Consideramos que foi uma experiência interessante que contribuiu para a constatação do caráter ordinário das placas. Os passantes em geral não têm familiaridade com a placa, principalmente nos edifícios Levy e Maletta. 

É interessante observar a reação das pessoas que estão mais próximas às placas, como vizinhos, moradores dos edifícios e funcionários do comércio ao redor, que geralmente são os que percebem nossa presença em campo. É relevante refletir sobre essas observações uma vez que elas apontam para construções de sentido diversas, tanto para a esquina quanto para o bairro de Santa Tereza, considerando a noção de museu, de cultura e de história. 

É pela significação dada à esquina do Clube que podemos intuir que a valorização do patrimônio urbano via musealização pode evidenciar os significados construídos pela sociedade para os museus. 
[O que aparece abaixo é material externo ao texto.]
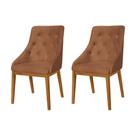 Kit 2 Cadeiras de Jantar Luxo Estofada Elisa Anatômica Capitonê Couro Pu Caramelo Base Madeira Maciç Kit 2 Cadeiras de Jantar Luxo Estofada Elisa Anatômica Capitonê Couro Pu Caramelo Base Madeira Maciç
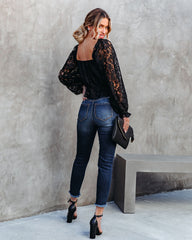 Ready To Mingle Cropped Lace Peplum Blouse - Black - FINAL SALE Ins Street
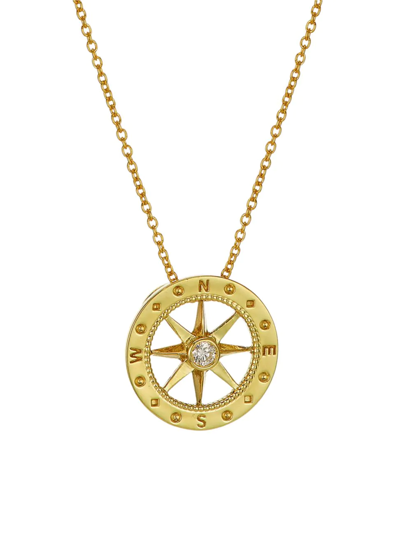Shop Roberto Coin Women's Tiny Treasures 18k Yellow Gold & 0.3 Tcw Diamond Compass Pendant Necklace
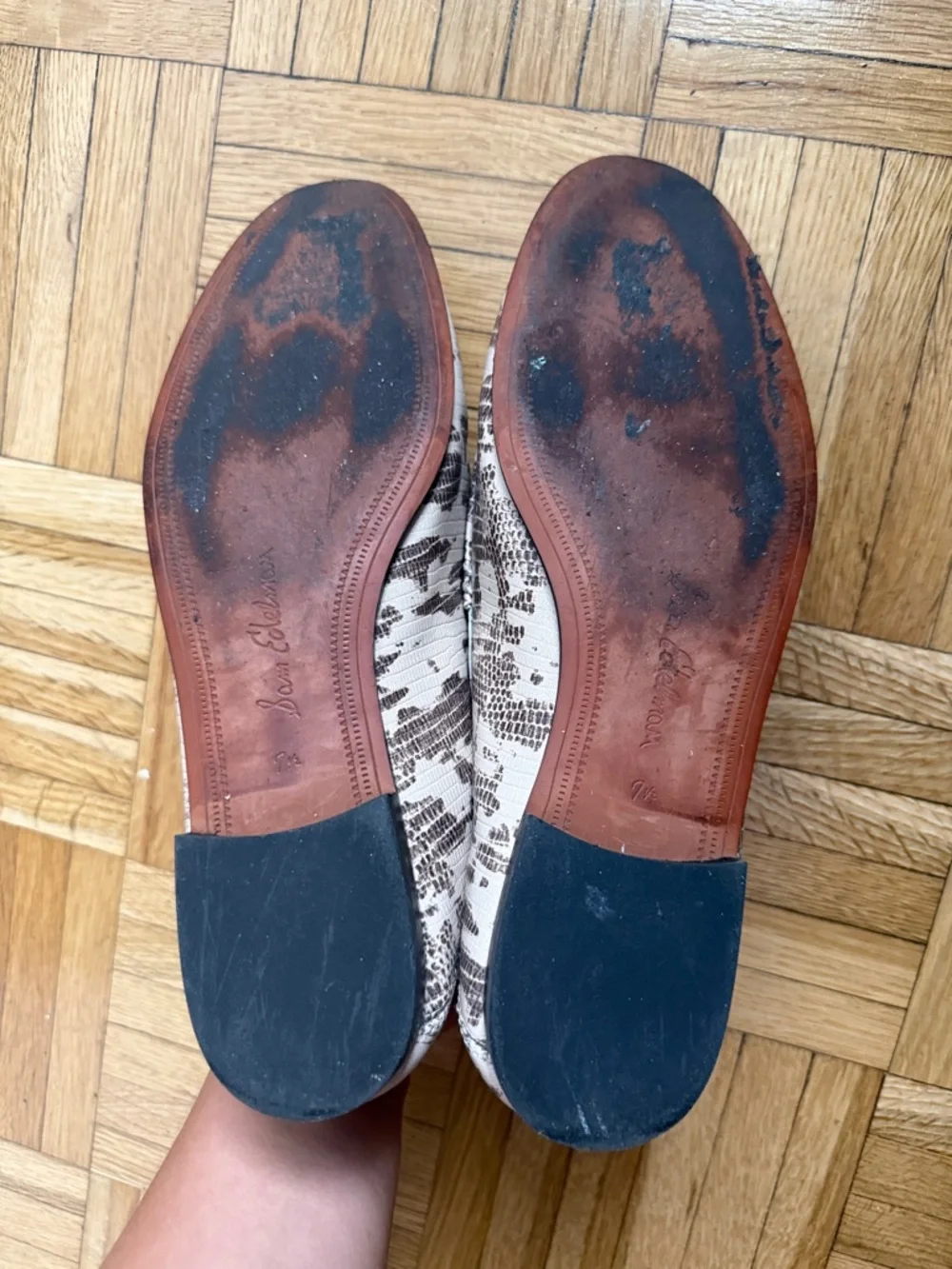 Sam Edelman Leather Snake Print Loraine Loafers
Nesse sentido é importante tentar apreender o que os citadinos almejam ao ver uma placa em uma esquina com a inscrição “Museu Clube da Esquina”. O que esperam encontrar e o que compreendem sobre museu? Ainda em constante transformação, estas ideias gradativamente começam a ser implantadas em diferentes museus do Brasil. O significado da esquina do Clube poderá sofrer outras transformações com a implantação da sede física do Museu Clube da Esquina. Conectada a lugares específicos da cidade, poderá intensificar as relações entre a história do Clube, a cidade de Belo Horizonte e seus habitantes, contribuindo para a ampliação dos significados construídos para os museus e para as suas possibilidades de atuação no espaço urbano.